### Exercise objective
Would you restate, exactly as they appear, the lines from the one containing "Sac suspendu, panier" through the end of the data below?

Collected data entries:
---+---

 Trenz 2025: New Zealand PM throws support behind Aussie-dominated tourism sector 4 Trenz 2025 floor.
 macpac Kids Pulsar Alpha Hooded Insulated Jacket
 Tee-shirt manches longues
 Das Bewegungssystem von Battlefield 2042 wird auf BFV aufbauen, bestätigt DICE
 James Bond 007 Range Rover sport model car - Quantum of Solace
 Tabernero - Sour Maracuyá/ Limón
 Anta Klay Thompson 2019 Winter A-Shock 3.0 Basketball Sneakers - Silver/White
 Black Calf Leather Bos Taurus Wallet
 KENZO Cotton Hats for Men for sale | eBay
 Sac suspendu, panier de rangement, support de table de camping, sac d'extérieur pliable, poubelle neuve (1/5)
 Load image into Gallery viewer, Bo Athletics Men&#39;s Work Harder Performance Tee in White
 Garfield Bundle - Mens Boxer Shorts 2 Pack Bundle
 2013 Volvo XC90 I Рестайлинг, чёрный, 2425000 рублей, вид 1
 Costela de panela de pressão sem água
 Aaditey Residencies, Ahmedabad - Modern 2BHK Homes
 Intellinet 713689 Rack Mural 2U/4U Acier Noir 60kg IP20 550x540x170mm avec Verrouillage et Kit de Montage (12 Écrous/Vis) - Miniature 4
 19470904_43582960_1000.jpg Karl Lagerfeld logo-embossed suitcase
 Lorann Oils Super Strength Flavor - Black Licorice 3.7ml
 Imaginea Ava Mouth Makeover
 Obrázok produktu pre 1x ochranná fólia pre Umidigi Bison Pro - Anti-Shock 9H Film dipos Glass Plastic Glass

---+---

### Answer to the problem
 Sac suspendu, panier de rangement, support de table de camping, sac d'extérieur pliable, poubelle neuve (1/5)
 Load image into Gallery viewer, Bo Athletics Men&#39;s Work Harder Performance Tee in White
 Garfield Bundle - Mens Boxer Shorts 2 Pack Bundle
 2013 Volvo XC90 I Рестайлинг, чёрный, 2425000 рублей, вид 1
 Costela de panela de pressão sem água
 Aaditey Residencies, Ahmedabad - Modern 2BHK Homes
 Intellinet 713689 Rack Mural 2U/4U Acier Noir 60kg IP20 550x540x170mm avec Verrouillage et Kit de Montage (12 Écrous/Vis) - Miniature 4
 19470904_43582960_1000.jpg Karl Lagerfeld logo-embossed suitcase
 Lorann Oils Super Strength Flavor - Black Licorice 3.7ml
 Imaginea Ava Mouth Makeover
 Obrázok produktu pre 1x ochranná fólia pre Umidigi Bison Pro - Anti-Shock 9H Film dipos Glass Plastic Glass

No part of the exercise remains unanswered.